Plasma and gas neutralisation of high energy H- and D- in an Argon plasma neutraliser

Abstract

A beam driven plasma neutraliser (BDPN) has been proposed [1] as a relatively simple way to increase the efficiency of neutral beam injectors based on the acceleration and neutralisation of H^- or D^-. Initial calculations showed that sufficient levels of ionisation could be achieved with H₂ or D₂ as the initial gas target in the neutraliser if a plasma confinement time of the plasma in the neutraliser is >0.5 ms could be achieved. However, later calculations [2,3] show that the afore-mentioned results were very optimistic as the calculations did not take into account the recombination of molecular ions with electrons. Hence, it has been suggested [4] to use an argon (Ar) plasma as the molecular ion content in such a plasma will be negligible.
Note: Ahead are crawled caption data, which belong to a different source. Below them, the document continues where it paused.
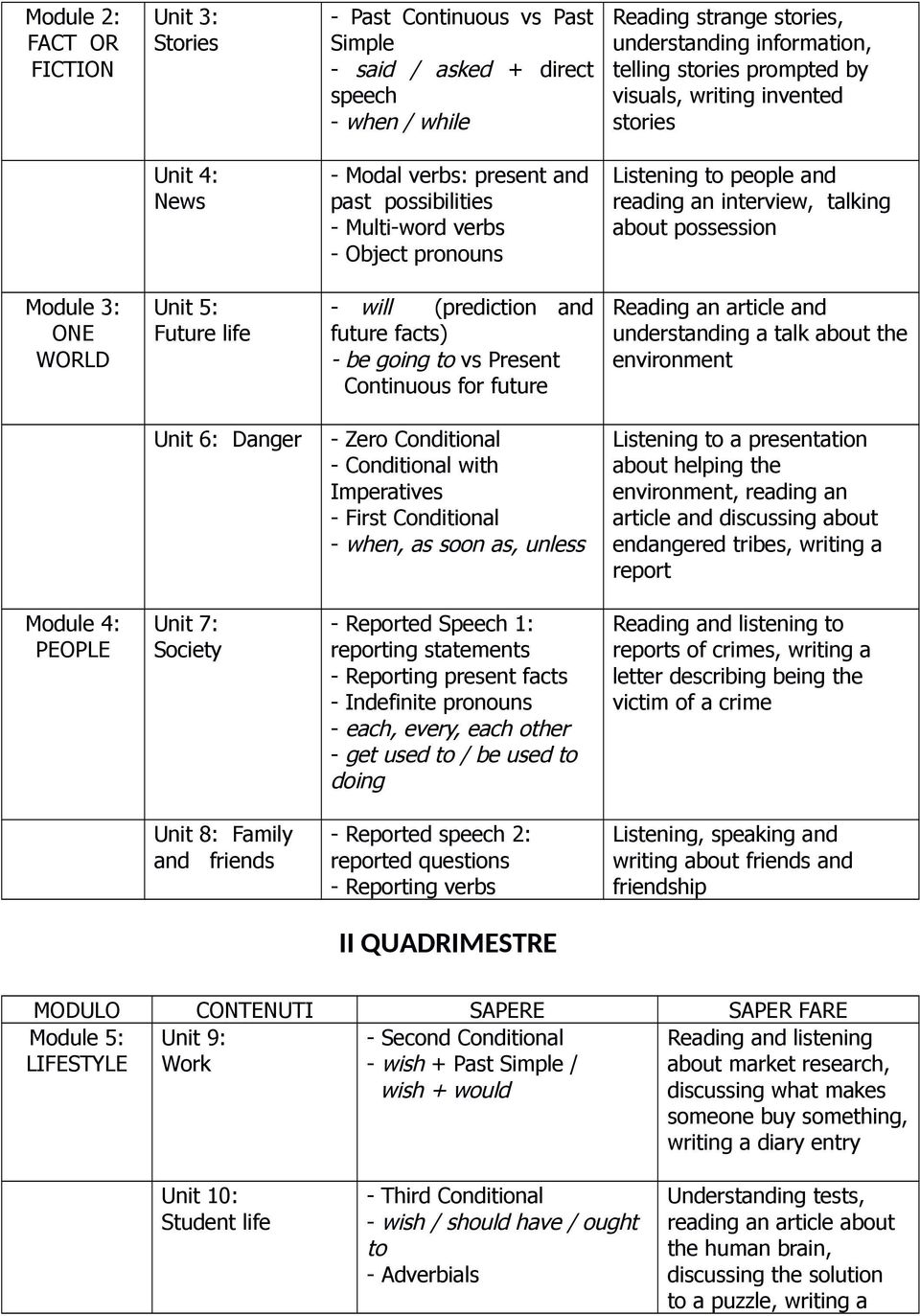 possession Module 3: ONE WORLD Unit 5: Future life - will (prediction and future facts) - be going to vs Present Continuous for future Reading an article and understanding a talk about the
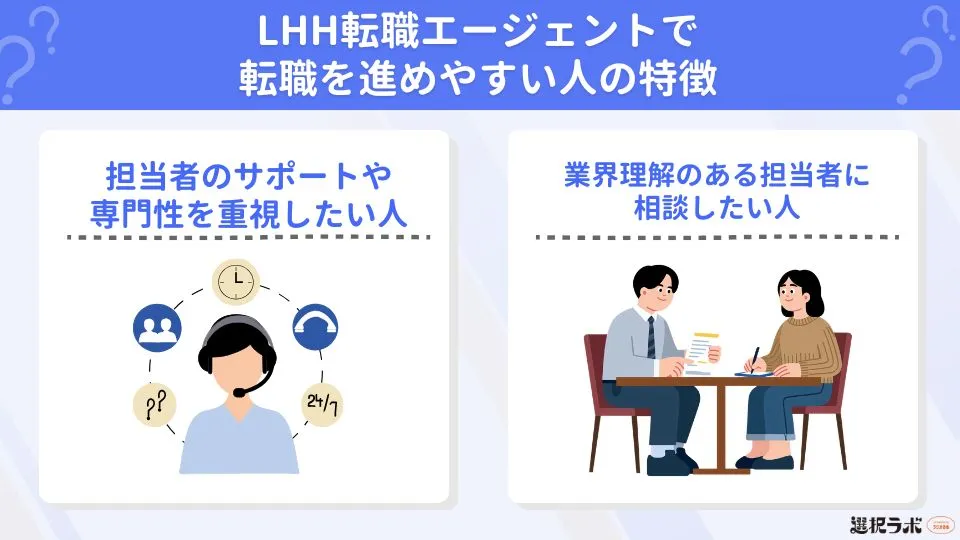 LHH転職エージェントで転職を進めやすい人の特徴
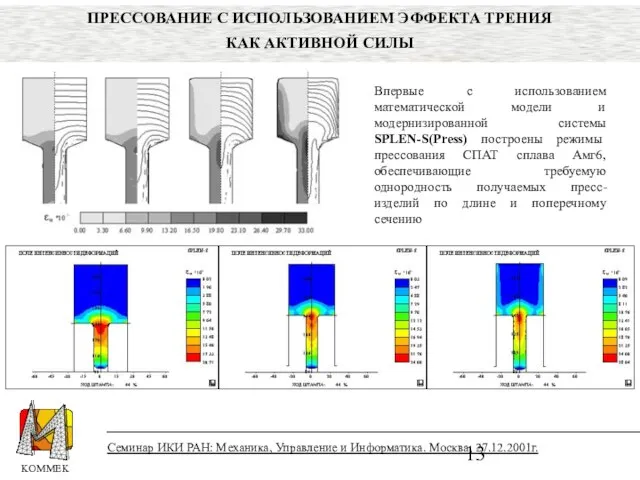 Семинар ИКИ РАН: Механика, Управление и Информатика. Москва, 27.12.2001г. ПРЕССОВАНИЕ С ИСПОЛЬЗОВАНИЕМ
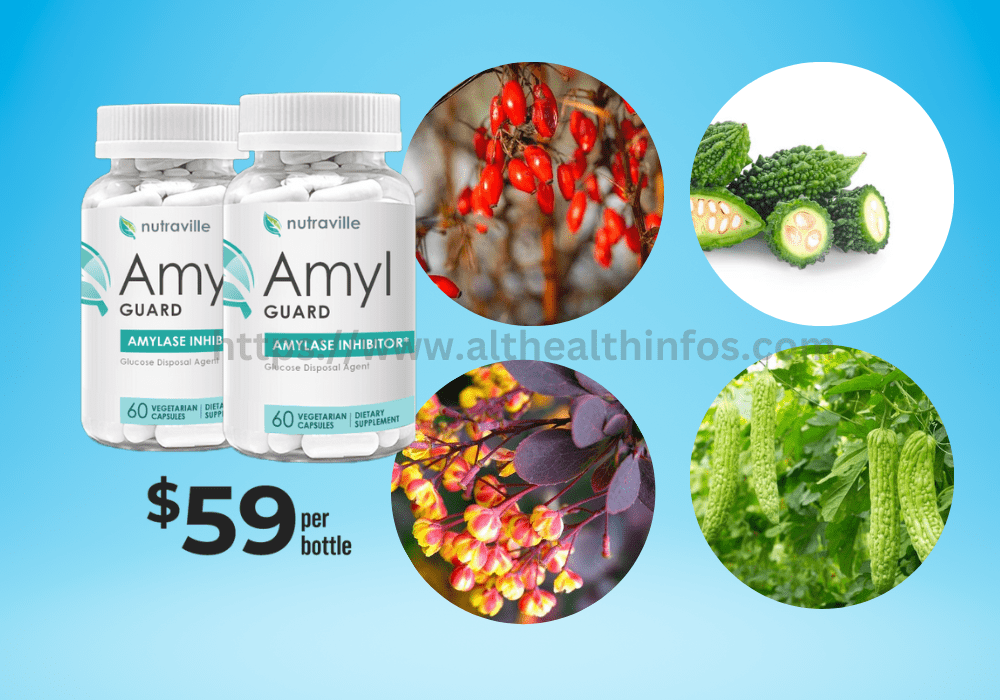 Amyl Guard Ingredients: What's Inside Amyl Guard?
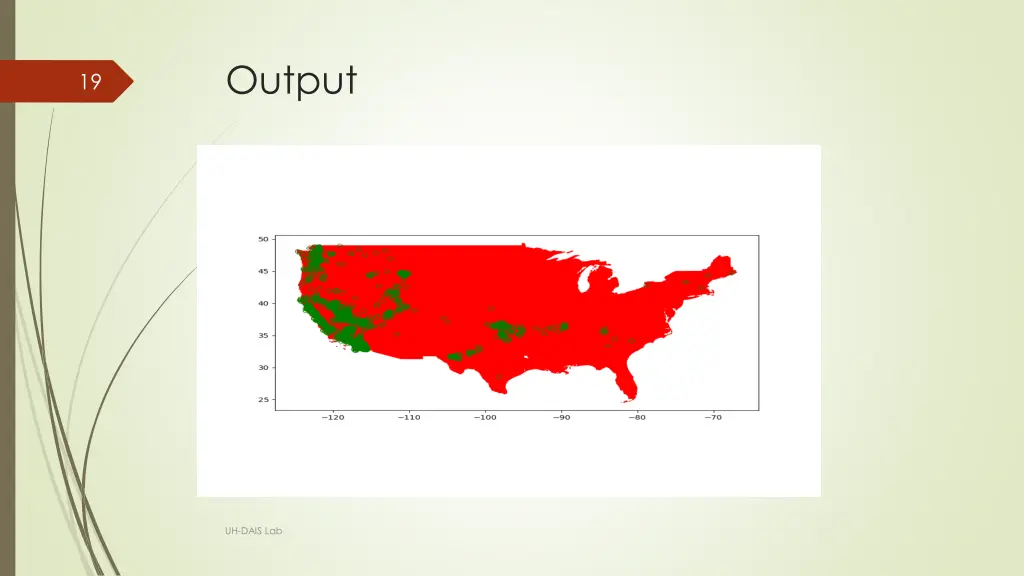 output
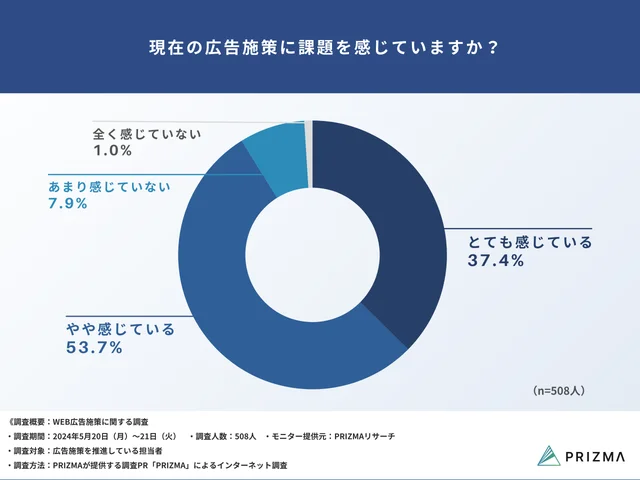 Q3：現在の広告施策に課題を感じていますか？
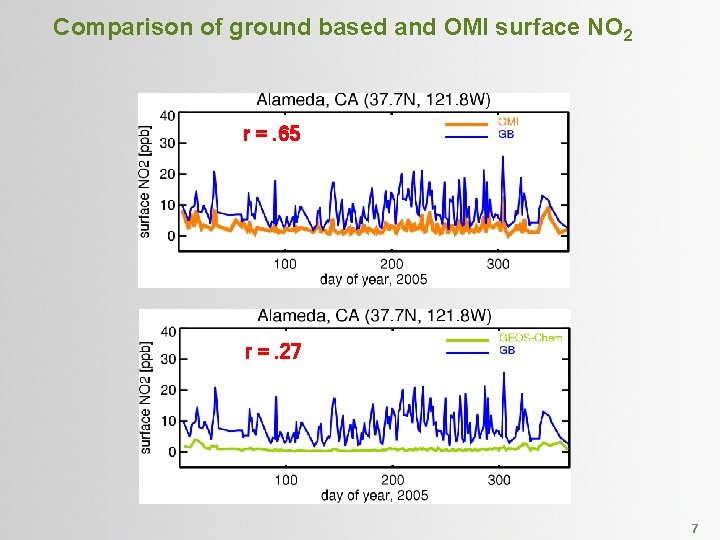 Comparison of ground based and OMI surface NO 2 r =. 65 r =.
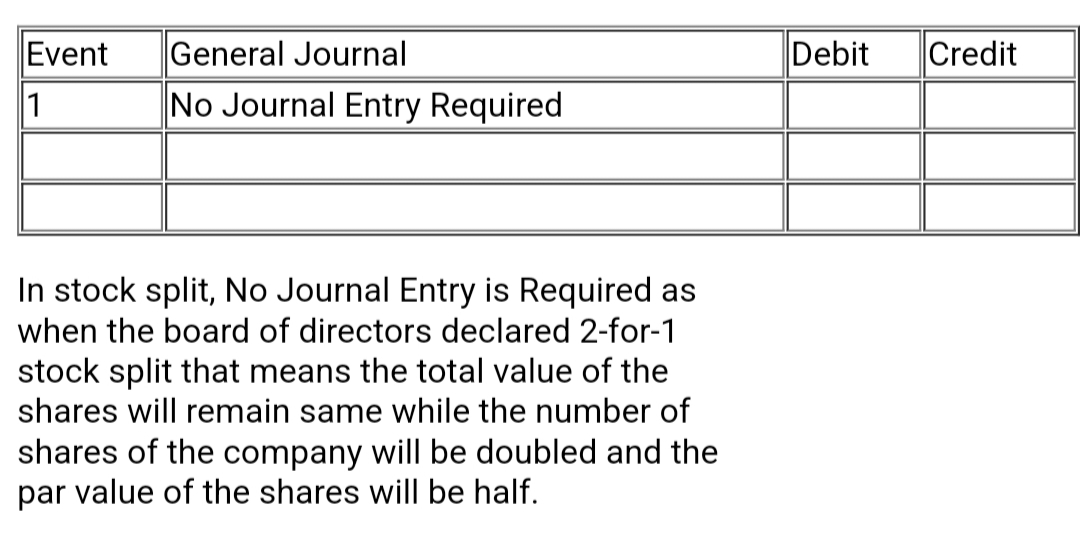 Accounting homework question answer, step 1, image 1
The use of an Ar plasma neutraliser has been suggested previously [[5], [6], [7]], but few details have been given of the obtainable neutralisation efficiency, the necessary line density for that neutralisation efficiency, or of the calculations and cross sections used to deduce those quantities. This paper briefly discusses why Ar could be a good choice for a plasma neutraliser, then the reactions occurring between the H^-/D^- beam and the particles in the Ar plasma, and the available cross section data for those reactions. Subsequently, the differential equations for the change of the species in the beam as it traverses an Ar plasma are deduced and solved, and the solutions used to calculate the achievable neutralisation efficiency as a function of the line density in the neutraliser etc. Results are given of the neutralisation efficiency as a function of the degree of ionisation in the neutraliser, the required line density, and the species changes in the beam for accelerated H^- beams with 100, 500 and 870 keV energies.